Vergonhoso
Parem todos para refletir, se fazem favor. E parem antes que seja tarde
TUDO o que eu possa dizer em nome da integridade dos árbitros será sempre interpretado como corporativismo. É sempre assim quando alguém tenta explicar, para fora, as dores que sentem os seus. O fenómeno não acontece apenas na arbitragem. A classe dos enfermeiros, jornalistas ou taxistas (entre tantas outras) defendem a sua dama quando sentem que os ataques de que são alvo ultrapassam a mera crítica técnica. Percebo perfeitamente. No meu caso, a leitura não me incomoda. De verdade. O que os outros pensam sobre mim não é problema meu, é problema deles. Estou particularmente à vontade: quando é para elogiar, elogio; quando é para criticar, critico. Acontece todas as semanas, há centenas de semanas, em vários espaços de análise onde faço o meu trabalho. O que nunca fiz (nem farei) foi confundir trigo com joio. Foi colocar em causa o caráter por causa de más decisões. Foi levantar suspeitas pessoais por erros de análise. Essa linha, a que separa competência de idoneidade, sempre esteve muito bem definida para mim. Mas a verdade é que não o está para muita gente. Aliás, para algumas pessoas ela quase não existe. E não existe porque há uma espécie de permissão tácita, instituída há décadas, para que se faça da crítica desportiva às arbitragens uma verdadeira caça ao homem. O que se está a passar agora - e que já aconteceu centenas de vezes no passado - define-se numa só palavra: vergonhoso!

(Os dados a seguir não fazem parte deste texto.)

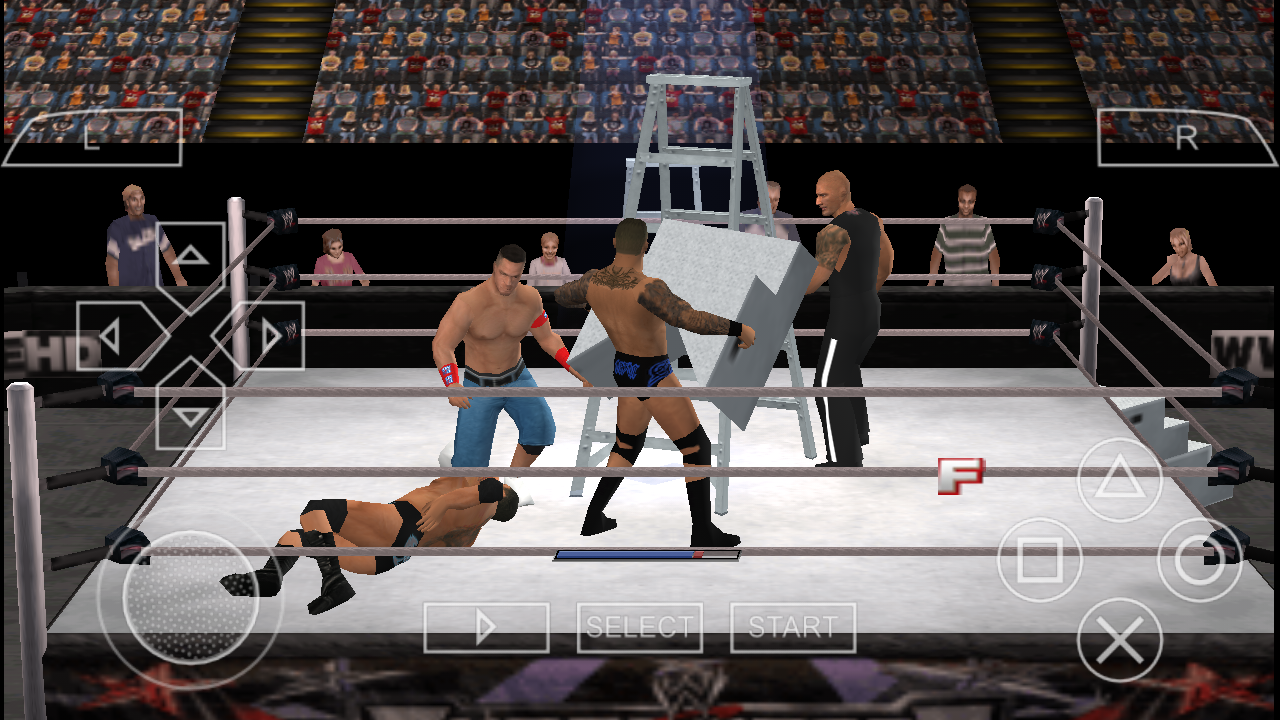 Wwe 2k14 Ppsspp Game Download For Pc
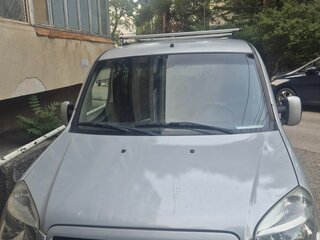 2008 Fiat Doblo I Рестайлинг, серый, 608000 рублей, вид 1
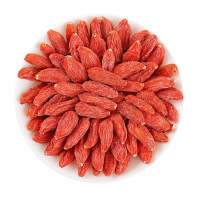 正品宁夏中宁枸杞子500g官方旗舰店正宗大颗粒红苟杞构纪茶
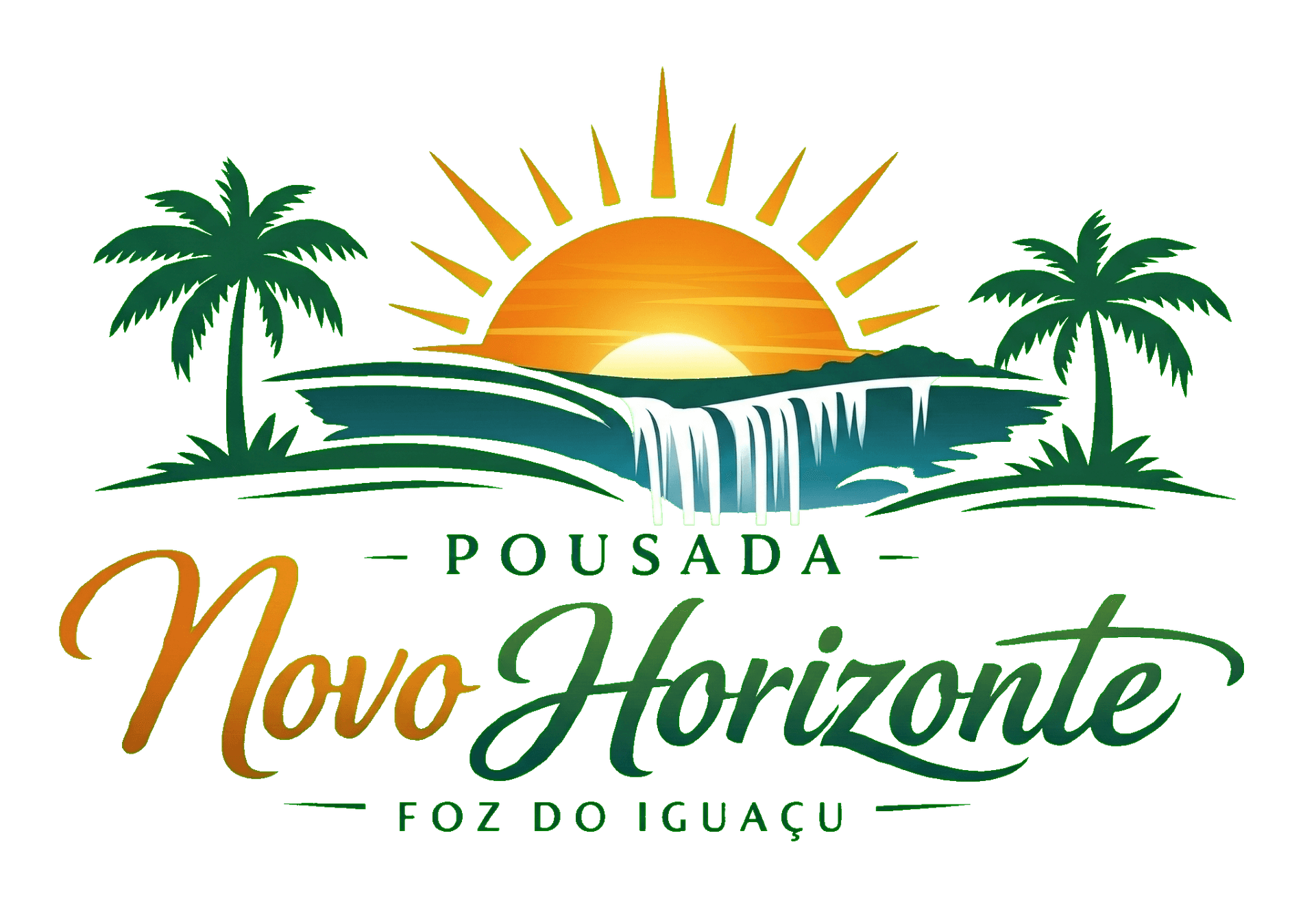 Pousada Novo Horizonte Logo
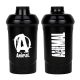 Universal Nutrition Animal Shaker Cup Black (Fekete)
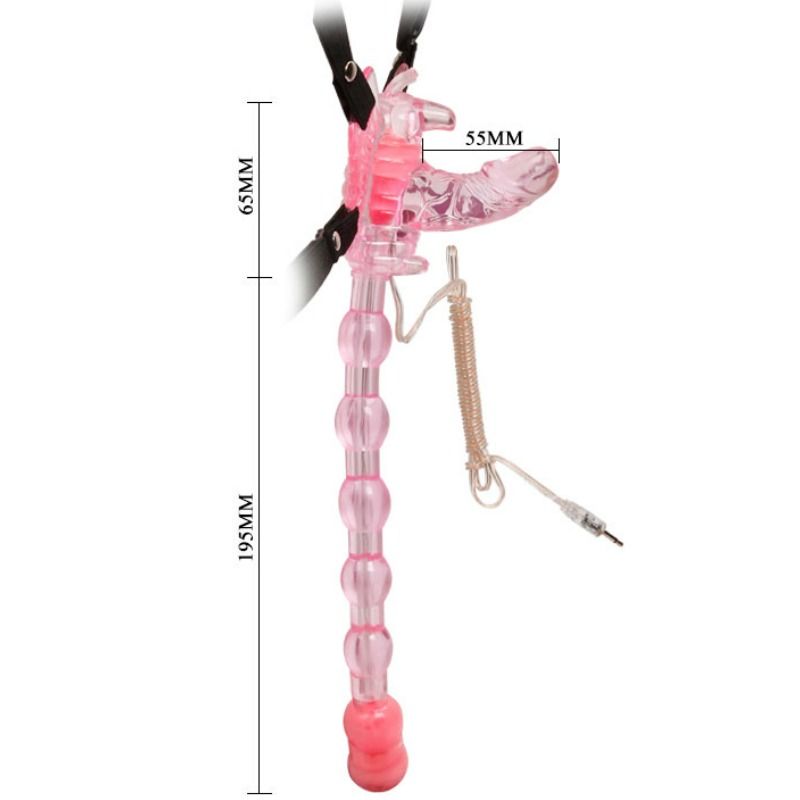 BAILE - BRACELET PAPILLON SUR LA - Sensualia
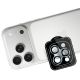 4. 3MK Lens Protection Pro Schutzglas aus gehärtetem Glas für iPhone 17 Pro / 17 Pro Max – Hellblau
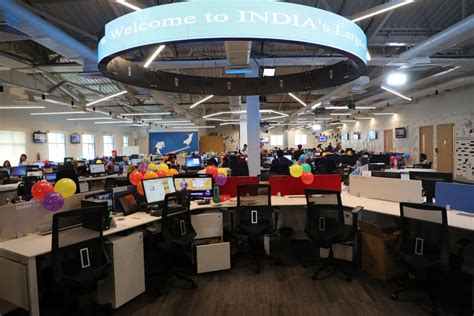 A Look at Network18's New Office in Mumbai's Lower Parel - News18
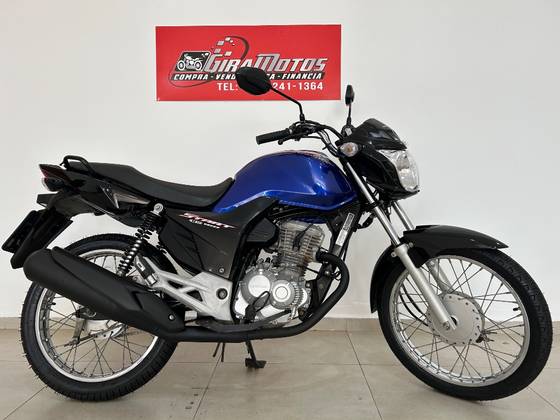 HONDA CG 160 START ES HONDA CG 160 START ES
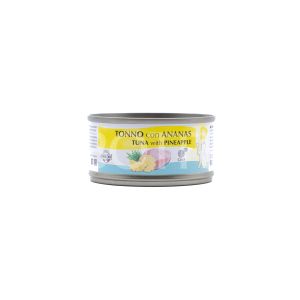 Chef Tonno con Ananas Marpet 80G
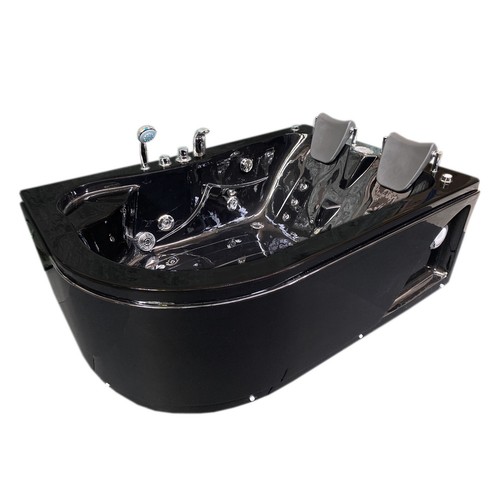 Black varadero whirlpool - black,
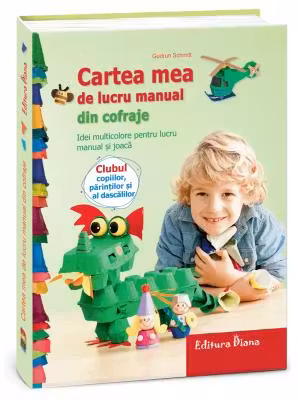 Cartea mea de lucru manual din cofraje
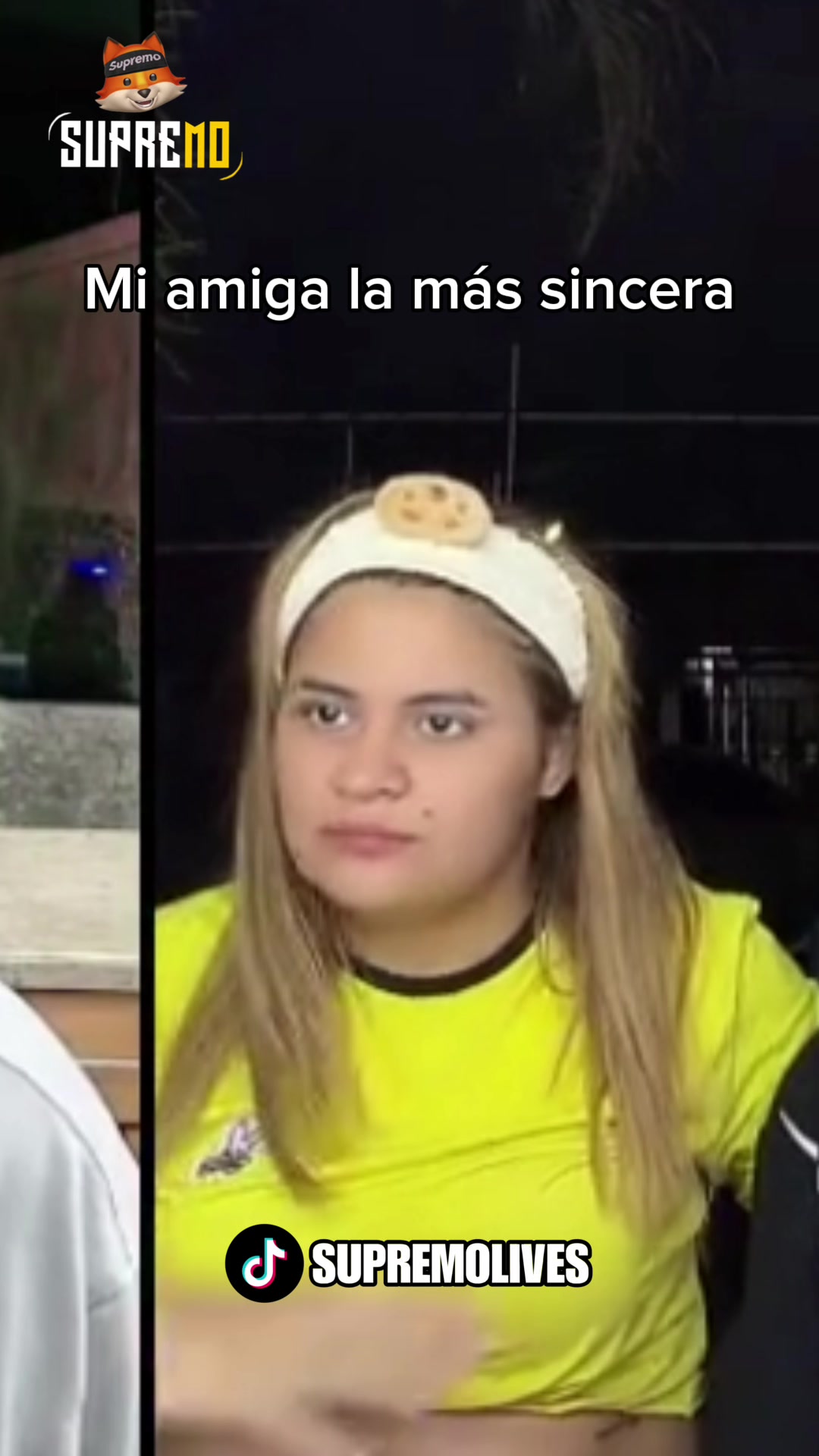 @Supremo Stream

É absolutamente vergonhoso o que o homem que é árbitro atura, suporta e engole nos dias que correm. E é vergonhoso primeiro para eles - que nunca tiveram a coragem de se juntar para dar um murro na mesa e dizer «basta» - como é para quem autoriza, por omissão ou inércia, que tudo isso aconteça. Pensem comigo, por favor: acham normal que dois árbitros internacionais - agentes imprescindíveis do jogo - tenham que ter, durante os últimos dois meses, segurança pessoal 24h/dia, garantida pela PSP? Acham normal que os filhos de alguns árbitros não possam ir à escola porque o risco de algo mau acontecer é grande? Acham normal que mães e pais de árbitros (muitos deles idosos e desfasados desta realidade) sofram represálias e ameaças devido ao trabalho dos seus filhos? Acham normal que algumas das suas esposas e familiares sejam ameaçados, incomodados e insultados em todo o lado? Mas o que é isto? Chegámos ao faroeste? Ou à selva? Isto não é Portugal? Este não é o futebol de um país democrático, civilizado e com regras instituídas?
Alguém achará normal que a resposta a tudo isto seja, por um lado, a aceitação cobarde por parte dos árbitros e, por outro, a falta de firmeza de quem tem responsabilidade na matéria? É este o futebol em que todos nos revemos? O tal que queremos a competir de igual para igual com os outros? Mas será que as pessoas andam bem da cabeça? Eu sei que esta coisa da arbitragem é uma valente pedra no sapato de muita gente, nas suas aspirações e relações. Temos pena, mas há mínimos. Se eu não quiser arranjar sapatos, não sou sapateiro.
Parem todos para refletir, se faz favor. E parem antes que seja tarde. Juntem-se, ponham tudo cá para fora e cheguem a compromissos éticos, responsáveis e duradouros, se faz favor. Isto não pode continuar assim. Não pode e não deve.